St. John Beach Guide

The Tektite Project

The Tektite Project was conducted in 1969 in a cooperative effort by the U.S. Department of the interior, the U.S. Navy, The National Aeronautics and Space Administration (NASA), and General Electric. The purpose of the study was to investigate the effects on human beings of living and working underwater for prolonged periods of time.

The name of the project, Tektite, comes from a glassy meteorite that can be found on the sea bottom.

An underwater habitat, which was built by the General Electric Corporation and originally designed to be the model for the orbiting skylab, was placed on concrete footings fifty feet below the surface of Beehive Cove. It consisted of two eighteen-foot high towers joined together by a passageway.

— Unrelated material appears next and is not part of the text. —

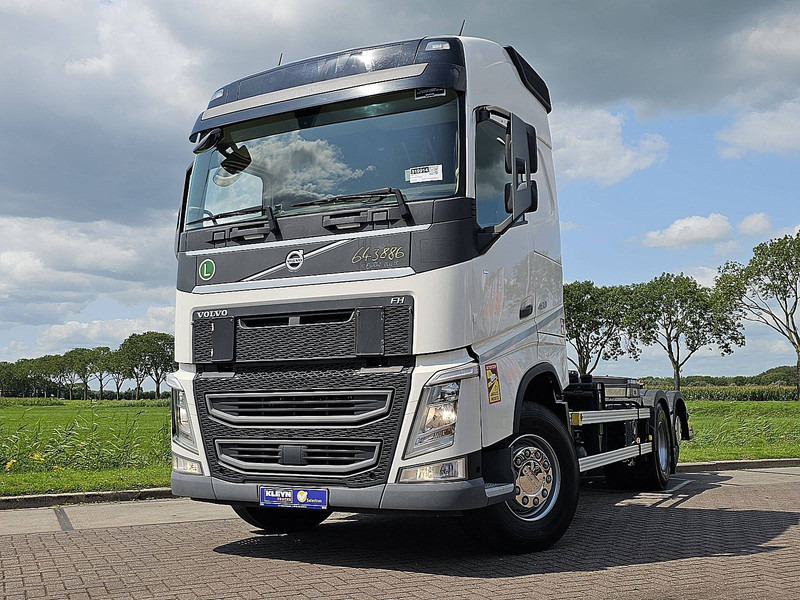 Volvo FH 460 - Hook-lift sunkvežimis: foto 1 Volvo FH 460 - Hook-lift sunkvežimis: foto 1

Inside the towers were four circular rooms twelve feet in diameter. There was also a room, which served as a galley and a bunkhouse, a laboratory, and an engine room. The habitat was equipped with a hot shower, a fully equipped kitchen, blue window curtains, a radio and a television. A room on the lowest level called the wet room was where the divers could enter and leave the habitat through a hatch in the floor that always stayed open.

The four aquanauts, Ed Clifton, Conrad Mahnken, Richard Waller and John VanDerwalker, who took part in the first Tektite project lived under constant surveillance by cameras and microphones and often slept monitored by electroencephalograms (EEG) and electrocardiograms EKG to monitor their heart rates, brain waves and sleep patterns. The project lasted for fifty-eight days and the men set a world record for time spent underwater, breaking the old record of thirty days held by astronaut Scott Carpenter in the Sea lab II habitat.